Évolution Cruciale dans la Saga Juridique des Congés Payés en Cas de Maladie
Le paysage juridique français concernant l’acquisition des congés payés en période d’arrêt maladie pourrait connaître une transformation majeure. La Cour de cassation a récemment franchi une étape significative en soumettant des dispositions contestées du Code du travail à l’examen du Conseil constitutionnel.
En septembre 2023, une évolution judiciaire majeure a eu lieu lorsque la Cour de cassation a jugé certaines dispositions du Code du travail françaises, relatives à l’acquisition des congés payés durant les périodes d’arrêt maladie, non conformes au droit européen. Cette décision a marqué un tournant dans la manière dont les droits à congés payés des salariés en arrêt maladie sont envisagés en France.

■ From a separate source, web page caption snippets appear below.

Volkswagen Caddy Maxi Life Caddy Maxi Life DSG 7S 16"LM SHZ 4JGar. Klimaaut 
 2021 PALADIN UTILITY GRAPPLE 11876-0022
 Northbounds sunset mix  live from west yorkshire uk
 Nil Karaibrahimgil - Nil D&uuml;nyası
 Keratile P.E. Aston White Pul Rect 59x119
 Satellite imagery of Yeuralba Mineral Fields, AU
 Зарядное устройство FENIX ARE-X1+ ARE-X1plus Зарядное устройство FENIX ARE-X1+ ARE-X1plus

Le 15 novembre 2023, un nouveau chapitre s’est ouvert : la Cour de cassation a décidé de transmettre ces dispositions au Conseil constitutionnel. Cette transmission s’est faite via deux Questions Prioritaires de Constitutionnalité (QPC), portant sur le droit à la santé et au repos ainsi que sur le principe d’égalité. Une décision de non-conformité par le Conseil pourrait entraîner l’abrogation des dispositions en question, poussant ainsi le législateur à agir pour combler un éventuel vide juridique.
La Cour de cassation avait déjà pris des mesures en septembre pour aligner le droit français sur le droit européen, en écartant les dispositions qui empêchent l’acquisition de congés payés durant les périodes d’arrêt pour maladie non professionnelle ou qui limitent cette acquisition aux arrêts pour accident du travail ou maladie professionnelle ne dépassant pas un an. Cependant, ces dispositions demeurent dans le Code du travail, en attente d’une modification législative.
Les QPC soumises portent sur les articles L. 3141-3 et L. 3141-5, 5° du Code du travail. Ces articles établissent une distinction dans l’acquisition des droits à congés payés des salariés dont le contrat de travail est suspendu pour maladie, basée sur l’origine professionnelle ou non de la maladie. Cela a été jugé potentiellement discriminatoire et contraire au principe d’égalité.
Conclusion :
La décision attendue du Conseil constitutionnel est cruciale. Elle déterminera si les dispositions litigieuses seront maintenues, modifiées ou abrogées. Cette affaire souligne l’importance de l’alignement des lois nationales avec les normes européennes et constitutionnelles, tout en garantissant les droits fondamentaux des travailleurs en France.